• **RECORDS FOR PROCESSING**

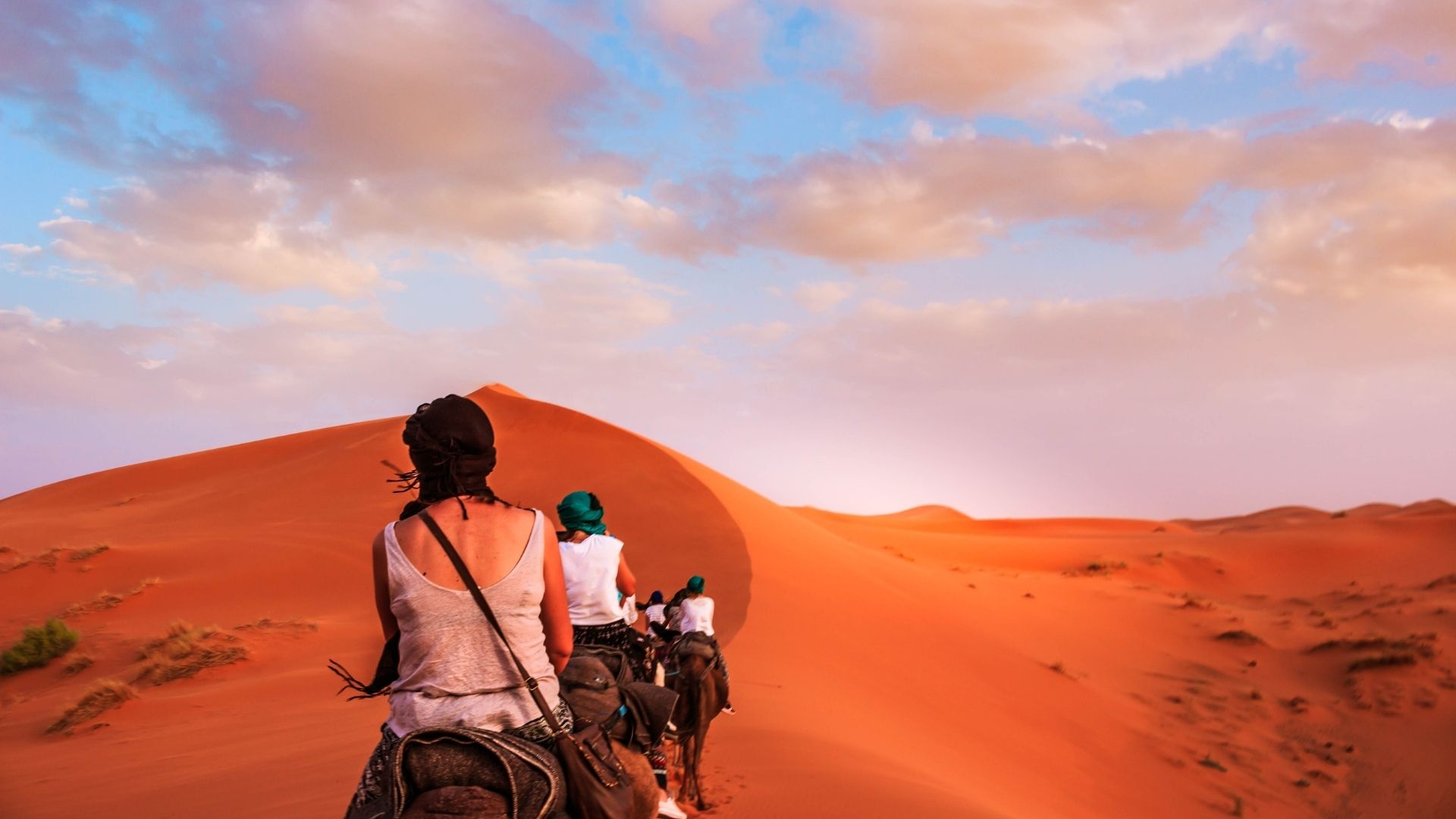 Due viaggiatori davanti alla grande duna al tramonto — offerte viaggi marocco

...

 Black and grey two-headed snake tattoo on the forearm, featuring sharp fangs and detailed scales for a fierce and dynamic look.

==

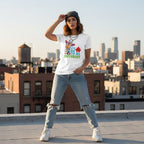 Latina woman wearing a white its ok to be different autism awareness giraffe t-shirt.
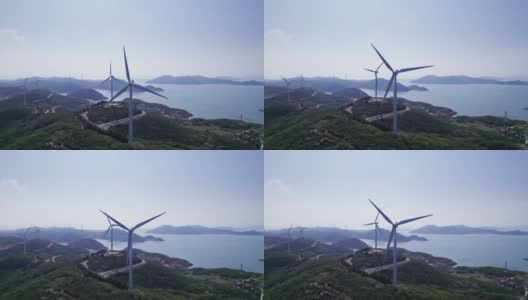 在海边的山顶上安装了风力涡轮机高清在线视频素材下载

• **TRY IT**
Repeat exactly the lines above, beginning at the one containing "Latina woman wearing" and ending at the one containing "在海边的山顶上安装了风力涡轮机高清在线视频素材下载". Do not carry over any pictures.

• **TASK RESULT**
 Latina woman wearing a white its ok to be different autism awareness giraffe t-shirt.
 在海边的山顶上安装了风力涡轮机高清在线视频素材下载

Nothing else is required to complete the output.